This document describes some of the design ideas and architecture
behind the XORM project. As implied by its name, a primary goal of
XORM is to map object data to relational data. Many of the subsystems
within the implementation reflect this distinction.
The relational level is represented by the classes in the
org.xorm.datastore package. The metadata for this area comes from the
database schema XML file. This defines any number of Table and Column
instances, and indicates, if applicable, the data types of each
column. The types at this level correspond exactly with the data in
the datastore.
Furthermore, XORM assumes that relational instances -- Rows -- may
have primary keys that are unique for each Table. Currently only
single-column primary keys are supported.
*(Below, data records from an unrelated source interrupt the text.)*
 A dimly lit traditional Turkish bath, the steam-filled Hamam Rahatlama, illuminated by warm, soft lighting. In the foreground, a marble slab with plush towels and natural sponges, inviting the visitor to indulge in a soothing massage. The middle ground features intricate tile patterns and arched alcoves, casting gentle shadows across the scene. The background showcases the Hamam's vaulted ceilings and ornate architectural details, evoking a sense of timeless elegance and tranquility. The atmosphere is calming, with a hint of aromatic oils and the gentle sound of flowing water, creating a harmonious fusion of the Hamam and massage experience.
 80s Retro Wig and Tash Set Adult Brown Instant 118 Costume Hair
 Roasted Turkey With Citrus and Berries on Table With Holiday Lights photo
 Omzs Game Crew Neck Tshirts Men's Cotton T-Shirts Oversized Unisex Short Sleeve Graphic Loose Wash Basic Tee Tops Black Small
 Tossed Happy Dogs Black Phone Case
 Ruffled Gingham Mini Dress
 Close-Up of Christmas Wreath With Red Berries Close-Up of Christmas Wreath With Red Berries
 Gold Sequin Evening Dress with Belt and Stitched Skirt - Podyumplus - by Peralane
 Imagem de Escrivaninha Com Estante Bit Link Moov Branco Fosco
The set of tables may include many-to-many mapping tables. These are
treated no differently than any other table at this level.
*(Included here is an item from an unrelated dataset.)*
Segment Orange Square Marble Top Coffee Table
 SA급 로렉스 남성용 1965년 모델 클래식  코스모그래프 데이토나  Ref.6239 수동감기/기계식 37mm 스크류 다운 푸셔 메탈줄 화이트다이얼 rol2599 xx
At runtime, data from the relational datastore is directly
instantiated, creating Row objects. Each Row instance holds the data
from one datastore Row. The only data transformation that occurs is a
mapping of datastore-specific data types to Java types, as defined by
the "type" (and optionally "format") field in the database schema XML.
For instance, the SQL "VARCHAR" type becomes a Java String.
The input and output of datastore Row instances is handled by
instances of org.xorm.datastore.DatastoreDriver. Drivers are
responsible for reading Row data via the select() method, creating new
datastore Rows using the create() method, updating modified Rows using
the update() method, and deleting Rows using the delete() method.
To facilitate pooled configuration data and connections, a
DatastoreDriver instance must also provide an interrogation method
that indicates the type of ConnectionInfo class it requires.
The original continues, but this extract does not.